Na última terça-feira (30 de outubro), após uma longa espera (notem a data que publiquei o primeiro texto), tivemos a resposta: Maura é bissexual. Legal, não? Pensar a bissexualidade sendo abordada na principal novela da Rede Globo é algo incrível, o assunto foi tocado pouquíssimas vezes na teledramaturgia brasileira e muito pouco explorado.
A visibilidade LGBTQ+, apesar de ser um mote recorrente, ainda é pouco explorado nos meios de comunicação de massa, como a televisão. E o B dessa sigla é o que mais sofre com a invisibilidade (veja mais sobre o assunto nesse artigo apresentado no Intercom desse ano).
Na novela, quem era leigo em alguns dos temas, continuou leigo. Quem era preconceituoso com algum dos tópicos, não assistiu a nenhuma discussão séria e desconstruída, e provavelmente continua com o mesmo preconceito. Sinceramente, para mim, ambas as abordagens não serviram para nada.
Sendo assim, era para esse texto ser positivo, exaltar um mérito da novela. Porém, não é bem assim, porque, assim como tudo em Segundo Sol, a questão foi muito mal trabalhada e não teve nenhum aprofundamento. No capítulo citado, ao conversar com a irmã sobre sua indecisão entre Selma e Ionan, Rosa (Letícia Colin) questionou: “Você gosta mais de homem ou de mulher?”. “Eu gosto de gente, Rosa, gente! Gosto de Ionan e gosto de Selma! Igual! Tenho carinho, vontade de ficar junto, amo os dois, por mim ficava com os dois, mas não posso!”, respondeu a policial.

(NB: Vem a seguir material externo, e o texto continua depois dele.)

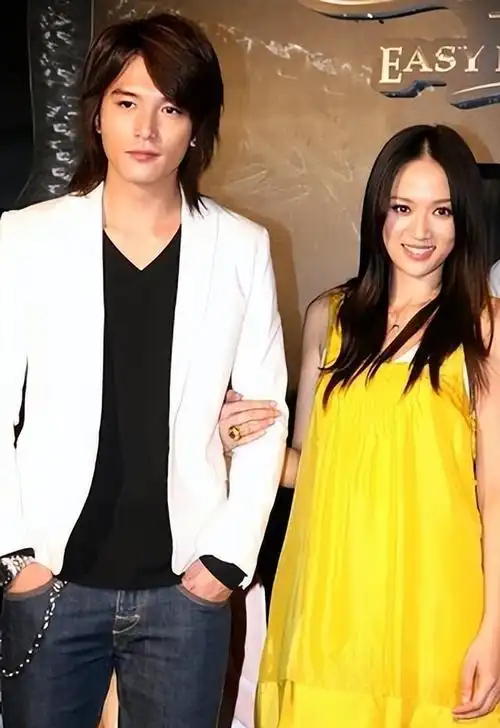 陈乔恩一气之下决定北上打拼,没想到邱泽也紧跟其后,动作真是快.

E foi isso. Essa é toda a abordagem sobre a bissexualidade da personagem. Apenas um único diálogo. E por quê? Porque o autor, ao invés de explorar isso, decidiu que não iria falar sobre e incluiria um outro tema: poliamor. “Oxê, não pode por quê?! Tanta gente aí vivendo o amor livre, o poliamor! Se você vai ser feliz com os dois, é o que importa, ninguém tem nada a ver com sua vida! Eu dou a maior força de você tentar, propõe isso pra eles! Maura, não tem fórmula, nem deve ter regra”, respondeu a personagem de Colin.
Na cena seguinte, Maura apareceu conversando com Selma e Ionan para propor o relacionamento a três. Ela declarou que gosta dos dois, com a mesma intensidade, e que não queria escolher entre um ou outro. “Já não basta minha mãe, com dois maridos, agora serei eu com duas mulheres?”, reagiu o policial – a personagem Naná (Arlete Salles) também vive um trisal com Dodô (José de Abreu) e Nestor (Francisco Cuoco).
Apesar da breve indignação, ele e Selma toparam a proposta, sem muitos estranhamentos, sem nenhuma grande conversa sobre como iria funcionar, sem ressalvas. Fácil. Sem nenhum aprofundamento sobre esse tema também. Vale citar aqui que quando Naná propôs o amor livre, Nonô e Nestor também aceitaram na hora (mesmo sendo pessoas de mais idade, acostumados com o modelo “tradicional” de casamento).
Ou seja, a novela tocou em dois assuntos polêmicos e importantes, mas não falou de verdade sobre nenhum. João Emanuel Carneiro deveria aprender com o programa Amor & Sexo, que já trouxe ambos os conteúdos de maneira didática e explicativa.
Na novela, quem era leigo em alguns dos temas, continuou leigo. Quem era preconceituoso com algum dos tópicos, não assistiu a nenhuma discussão séria e desconstruída, e provavelmente continua com o mesmo preconceito. Sinceramente, para mim, ambas as abordagens não serviram para nada.